Taiwan revised Q2 GDP growth slightly lower. Growth came in at 3.05% y/y vs. the 3.08% advance reading and 3.72% in Q1. This is the weakest reading snice Q2 2020 and led the government to cut its forecast for 2022 growth a second time. GDP is now expected to grow 3.76% this year, down from 3.91% forecast in May. The government also raised its full-year forecast for inflation to 2.92% vs. 2.67% in May projection. Simply put, Taiwan is struggling with the same problems as the rest of the world. However, policymaker have been very cautious, with the central bank only hiking rates twice so far for a total of 37.5 bp. Next policy meeting is September 22 and another small hike is expected then. The swaps market is pricing in only 25 bp of tightening over the next 6 months that would see the policy rate peak near 1.75%. This seems way too low to us.
India reports July CPI and June IP. CPI is expected at 6.76% y/y vs. 7.01% in June. If so, inflation would be down for the third straight month from the 7.79% peak in April and moving closer to the 3-6% target range.
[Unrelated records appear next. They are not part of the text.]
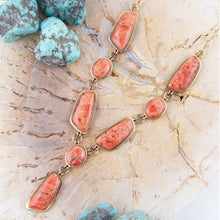 Load image into Gallery viewer, Genuine Orange Sponge Coral Golden Abstract Statement Necklace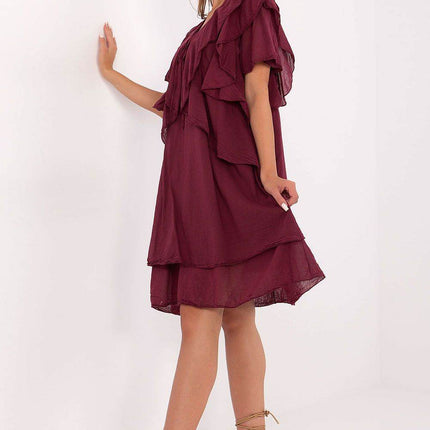 Boho Cotton Summer Dress with Ruffle Sleeves and Tie Neckline - MimiStylez
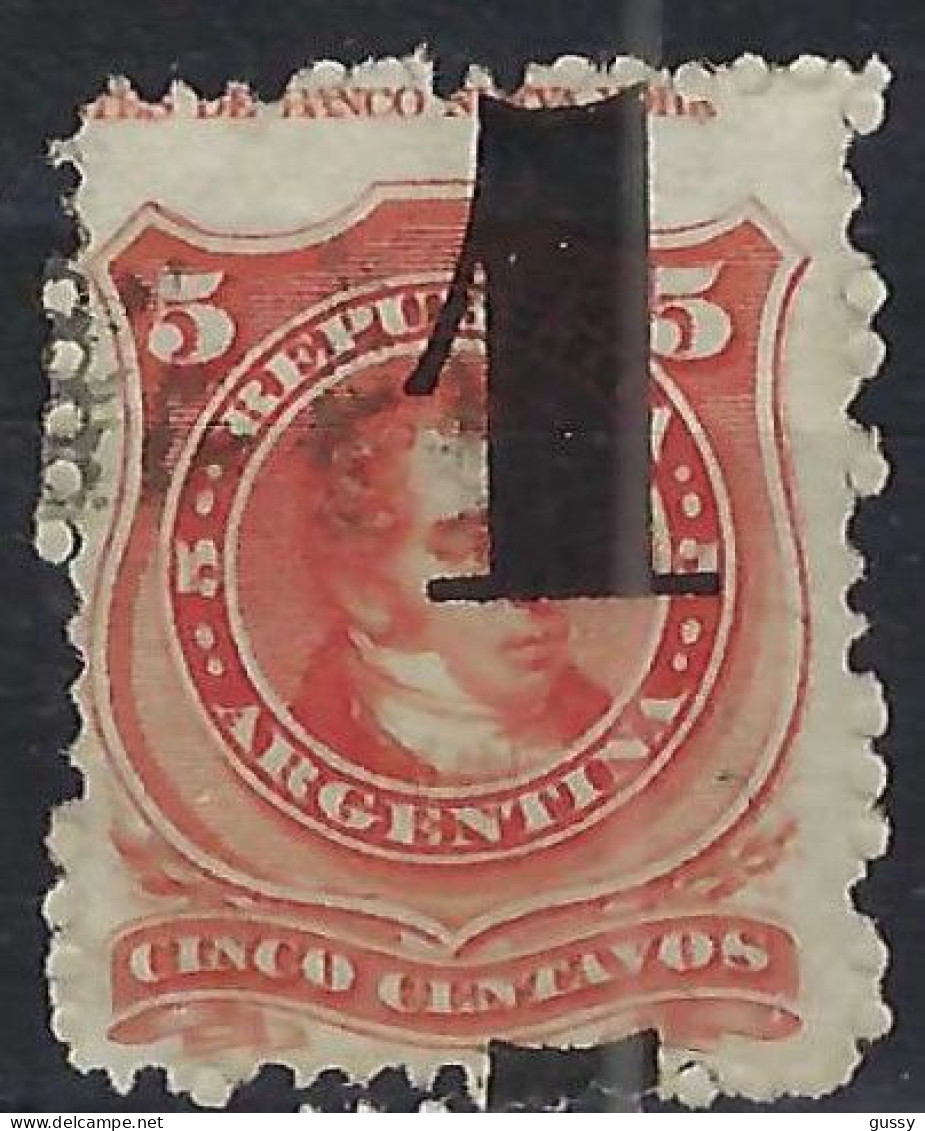 ARGENTINE Ca.1877:  Le Y&T 29,  Obl. , VAR. "Inscriptions Dans La Marge N" - Gebraucht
The RBI just hiked rates 50 bp to 5.4% and signaled that the tightening cycle will continue. Governor Das said “Inflationary pressures are broad based and core inflation remains elevated,” noting that inflation will remain above the 2-6% target range for the current FY ending in March. He stressed that “It’s now basically a whatever-it-takes approach going into third year in succession.” Next policy meeting is September 30 and another 50 bp hike then seems likely, with risks of a smaller move if inflation continues to fall. The swaps market is pricing in 120 bp of tightening over the next 12 months that would see the policy rate peak near 6.60%.